Confusion matrix from run number:0
 [[476.   3.]
 [ 50.  29.]] 

Confusion matrix from run number:1
 [[474.   7.]
 [ 54.  23.]] 

Confusion matrix from run number:2
 [[473.   6.]
 [ 57.  21.]] 

Confusion matrix from run number:3
 [[480.   7.]
 [ 53.  17.]] 

Confusion matrix from run number:4
 [[475.   7.]
 [ 59.  16.]] 

Confusion matrix from run number:5
 [[479.   4.]
 [ 61.  13.]] 

Confusion matrix from run number:6
 [[476.   6.]
 [ 60.  15.]] 

Confusion matrix from run number:7
 [[489.   5.]
 [ 42.  21.]] 

Confusion matrix from run number:8
 [[479.   4.]
 [ 50.  24.]] 

Confusion matrix from run number:9
 [[469.   6.]
 [ 63.  19.]] 




## Thinking like a Data Scientist

How you choose to validate your model in real life will depend upon the kind of data you're working with and the kinds of concerns you have about the model's performance. Remember, your model is trained to fit the data you feed it, so if the situation changes your model will become less accurate. For example, if there are seasonal changes to your observed variable but you only train on one month's data, you're going to have a problem. You could test that by seeing how accurate your model is with a specific time period as your holdout, rather than a random sample. We'll cover techniques for dealing with time more later.

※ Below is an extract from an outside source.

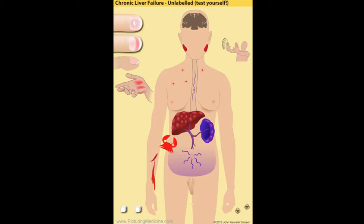Patients may have Dupuytren's disease, and there's believed to be an association between cirrhosis and Dupuytren's disease. This is a fibroproliferative condition where patients have a flexion deformity of their fingers, typically the fourth or fifth fingers. Patients may also have palmar erythema, and you may be able to elicit the liver flap, also known as asterixis.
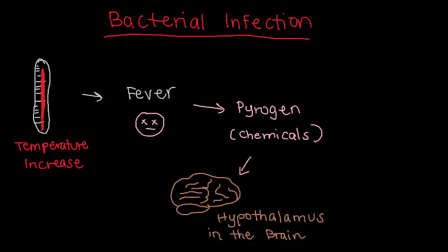See the next video in the series, called Types of Bacterial Infections, to learn more about some common types of bacterial infections, their symptoms, and forms of treatment.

## Overfitting and Naive Bayes

Overfitting is always possible, but some models are more susceptible to it than others. Naive Bayes is actually pretty good for avoiding overfitting. This is largely because the assumptions are so simple, particularly the assumed independence between any two independent variables. One of the sources of overfitting is when a model tries to map complex interactions between variables that aren't really there or significant. Naive Bayes cannot do this because it assumes they are all independent and therefore not interacting. It's a nice characteristic at times, but it does mean it doesn't take into account how your features affect each other.

Also, one final note on our models here. They weren't overfitting, but they weren't telling us much either. They were just barely more accurate than the dominant class. Discuss with your mentor why that is and what you could do to improve the model.